Jan. 31 proved to be a prominent date for most—if not all—of the New College community. The prospects of what the Board of Trustees (BOT) meeting could entail lingered on many minds, primarily a group of New College students, alumni and community organizations such as the Party for Socialism and Liberation (PSL) and Women’s Voices of Southwest Florida (WVSWFL). Together, their efforts brought hundreds of outside community members, parents of students and alumni onto campus to rally for educational freedom before and during the BOT meeting, against rhetoric spread by the new appointees.

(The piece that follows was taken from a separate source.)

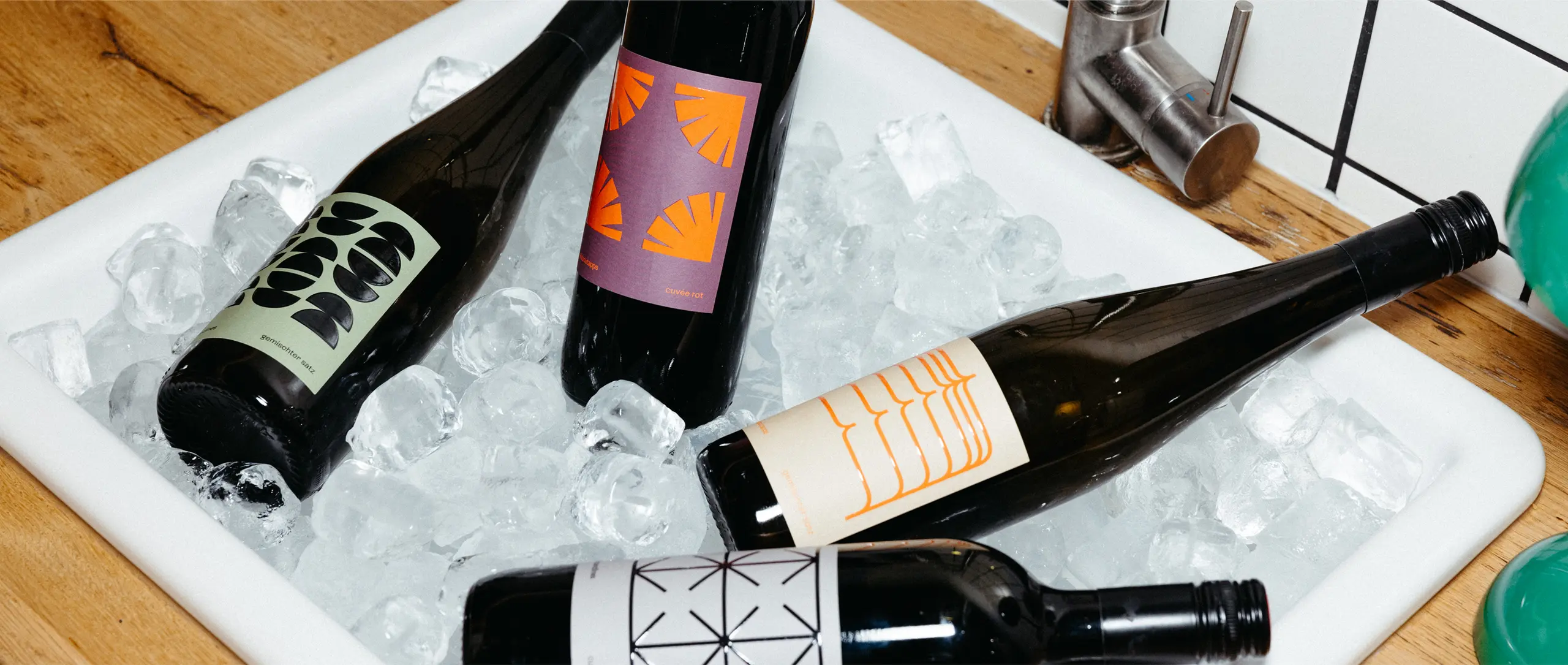 Wine bottles with striking label in ice tub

Media lined the steps leading up to the Hamilton “Ham” Center, where a podium was placed for the rally speakers—including X Gonzalez (‘22), Florida Rep. Anna Eskamani (47-D) and student organizers leading the protest.
“I want to first state that this is nothing more than a transparent attempt to score political points, regardless of how many people are hurt, fired or lose this place as their home,” Gonzalez stated—a powerful start to a line of compelling speeches.
While many students are working towards protecting New College primarily in the background, a handful of students chose to enter the spotlight, taking the microphone at the podium to face the wall of cameras and reporters before them.
“I’ve never been in so many meetings and calls in my entire life,” Thesis student and student organizer Madison Markham confessed. “I’ve never felt like this little place has been so in the spotlight before.”
Chants echoed throughout the residential campus in between and during speeches: “We learn what we want,” led by Gonzalez and “Say gay” following mentions of the infamous Florida legislature nicknamed the “Don’t Say Gay” bill.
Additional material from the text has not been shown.